Dibujar una Colombia institucionalmente fracasada y a continuación dejar el lápiz es tan tentador como profundamente erróneo. Muchas veces, el país aparece justamente como ejemplo de Estado exitoso por antonomasia en Sudamérica. La democracia, en su expresión mínima de elecciones que se repiten periódicamente en las cuales el perdedor deja paso al ganador sin levantarse en armas, es la institución más inaudita que existe. Pensémoslo por un momento: consiste en renunciar a ejercer el monopolio de la violencia para obtener los intereses de tu propia facción. “Yo puedo utilizar el ejército que ahora está bajo mi mando y gobernar este país como mejor me parezca, pero no lo haré”. Es una acción extraordinaria. Y, a pesar del enorme esfuerzo de estudiosos como el propio Adam Przeworski, no entendemos del todo bien por qué tiene éxito en algunos lugares y no en otros. Curiosamente, Colombia tiene la democracia más estable y longeva de su continente. Protagonizada históricamente por una lucha bipartidista entre conservadores y liberales, no exenta de guerras civiles entre ambos bandos hasta entrado el siglo XX, con una izquierda parlamentaria marginal, pero democracia al fin.

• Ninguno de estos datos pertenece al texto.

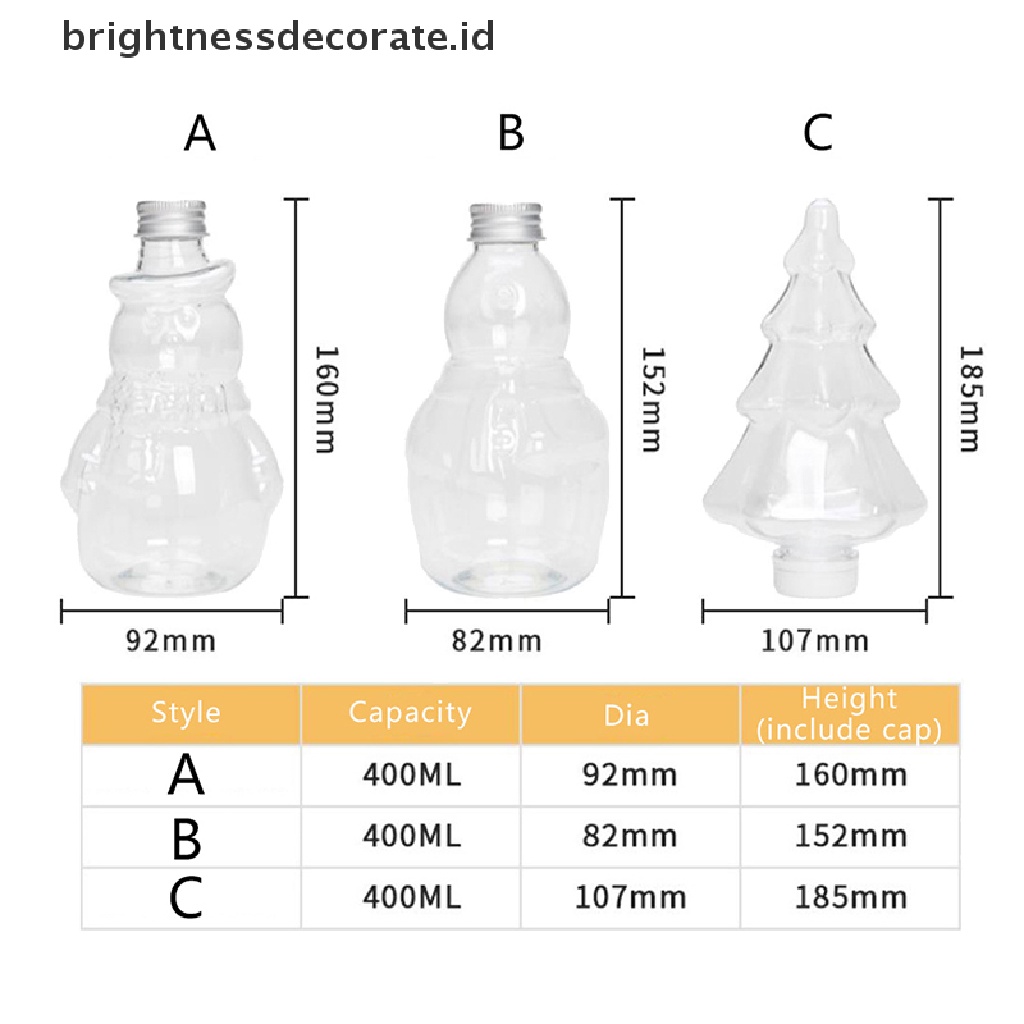 [Birth] Christmas Snowman Xmas Tree 400ml Botol Minum Transparan Minuman Dingin Es Kopi Susu Teh Juice Cup [ID]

Un ambiente internacional, sobre todo en Bogotá, con inmigrantes de alto poder adquisitivo y ganas de disfrutar de un país excepcional

Quien se mueve en el Bogotá, en el Medellín o en la Cartagena se encontrará caminos bien distintos a los de La Guajira. Clubs privados. Restaurantes de nivel excepcional. Una intensa vida cultural y musical. Librerías de todo tipo y sabor. Universidades de calidad, públicas y privadas. Debate público de nivel, con medios variados y servidores públicos bien preparados, concienciados incluso con la labor de mantener altos estándares en su trabajo y en el mantenimiento de la vida democrática. Y un ambiente internacional, sobre todo en Bogotá, trufado de inmigrantes de alto poder adquisitivo con ganas de disfrutar de un país excepcional. Claro, que estas son rutas restringidas. La desigualdad institucional, además de la meramente económica, no es patrimonio de la división entre campo y urbe. Así, es raro que se aventure en ciertos barrios una persona acomodada, votante activo e informado, con estudios en el extranjero y una vivienda en una zona de estrato seis (sí, las áreas habitacionales en Colombia se dividen por estratos: del uno al seis; el Estado ajusta así tasas y costes de servicios de manera progresiva, pero la división por estratos supone una nueva institución, y bastante pesada, sobre los hombros de los colombianos). Esos “ciertos barrios” ocupan más, mucho más, de la mitad de la superficie urbana del país. Y aunque aquí el Estado no está ausente, las otras instituciones tampoco, y ofrecen sus estructuras alternativas de incentivos a quien quiera aceptarlas. O, más probablemente, a quien no tenga más remedio que hacerlo. En Colombia, los equilibrios institucionales son tan diferentes entre sí como cercanos en su convivencia.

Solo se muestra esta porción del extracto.